The Columnist

One of the better jokes of recent years was a remark, ascribed to President Bush, that the trouble with the French is that they don’t have a word for entrepreneur.
         Two funny things about the joke. One, of course, is that the word entrepreneur is French and we laugh because we are pleased with ourselves that we knew that. Two is that we think President Bush could never have made that joke in a million years because we assume that he wouldn’t have known.
         And it’s true that the Americans do not, generally, speak French and tend to feel ever so slightly inferior because of it. The American humorist Dave Barry once wrote, at the time of a crisis in Haiti, that in order for Americans to look down on the backward and impoverished natives of Haiti, they always had to forget that every Haitian above the age of twelve can pronounce the word fauteuil better than an American would be able to do so.

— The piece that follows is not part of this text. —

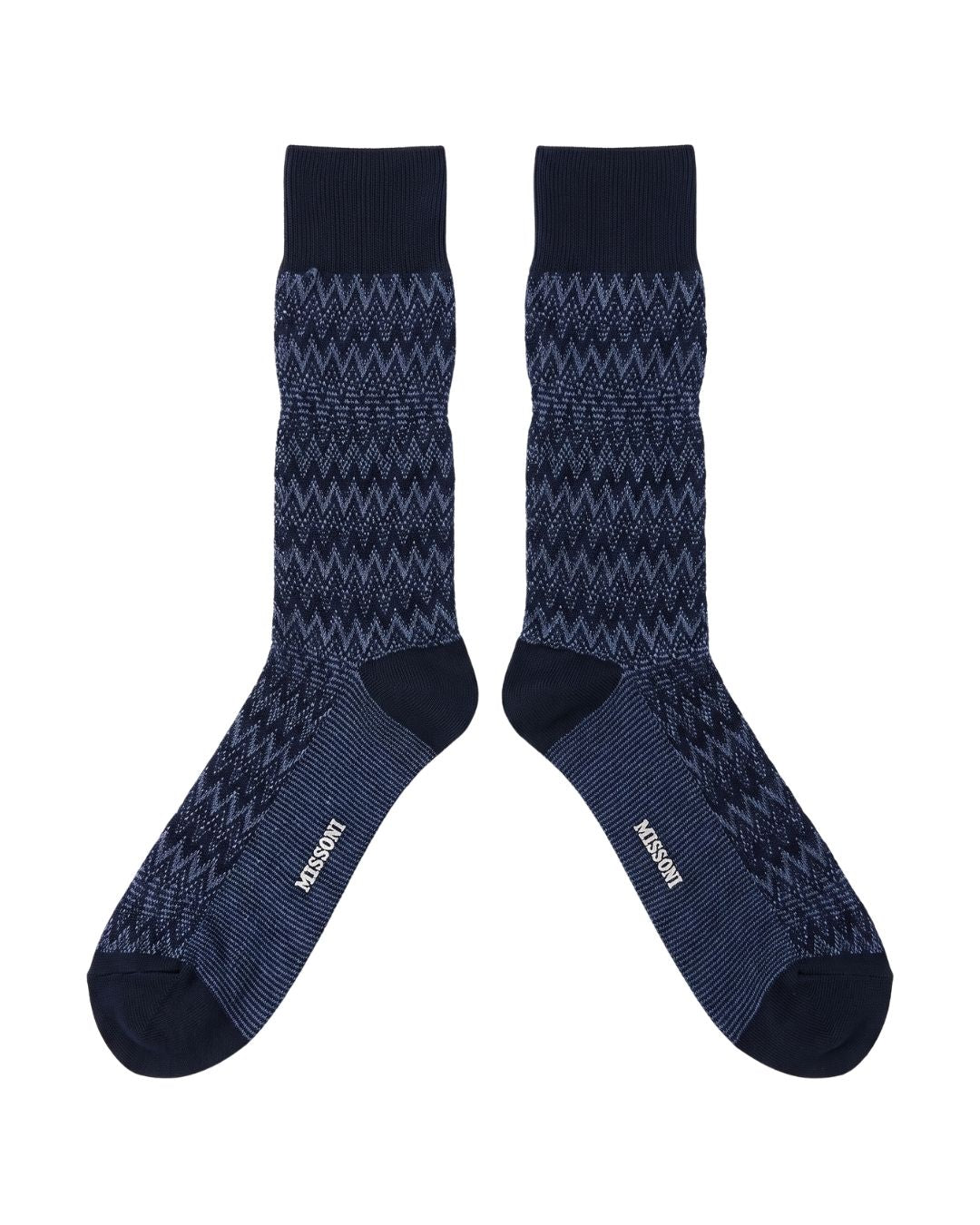Missoni Missoni Blue  Mens Chevron Crew Socks-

         This would never occur to a Briton. Not being able to speak French does not worry the British. And the fact that so many words come into our language from French, from ‘gigolo’ and ‘charlatan’ to ‘trousseau’ and ‘maisonette’, never unsettles us. Why should it? It hardly occurs to us that they are French imports at all. As with food and drink and cars, we just take as much as we want from abroad and think nothing of it. We call it broad-mindedness. Others call it selfishness.

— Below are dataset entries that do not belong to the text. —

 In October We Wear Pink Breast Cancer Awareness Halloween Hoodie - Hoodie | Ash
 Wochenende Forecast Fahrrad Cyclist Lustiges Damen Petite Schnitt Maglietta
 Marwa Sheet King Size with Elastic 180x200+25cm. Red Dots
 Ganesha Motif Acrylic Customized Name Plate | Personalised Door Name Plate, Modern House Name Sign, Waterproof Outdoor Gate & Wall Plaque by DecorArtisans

         Americans are different. They have an exaggerated idea of the status of all things French, so they are simultaneously in awe and scornful of them. That is why they make jokes like the one about the up-market New Yorker who exclaims ‘Pretentious? Moi?’, a joke which strikes a Briton as too feeble even to make a cartoon in the New Yorker. That is why no American would ever dream of seeing a French film, only of getting it turned by Hollywood into another film which has had all traces of Frenchness removed.
         When French products do well in America, the Americans feel threatened. Nobody in Britain has ever resented the success of Perrier – we actually let a British comedy award be named after Perrier! – but not very long ago there was a firm in Texas which bottled water under the brand name of Artesian and which chose as their slogan: ‘Kick Perrier in the derriere!’ It is a sobering thought that down in Texas there are educated people who are not only in awe of Perrier but think it rhymes with derriére…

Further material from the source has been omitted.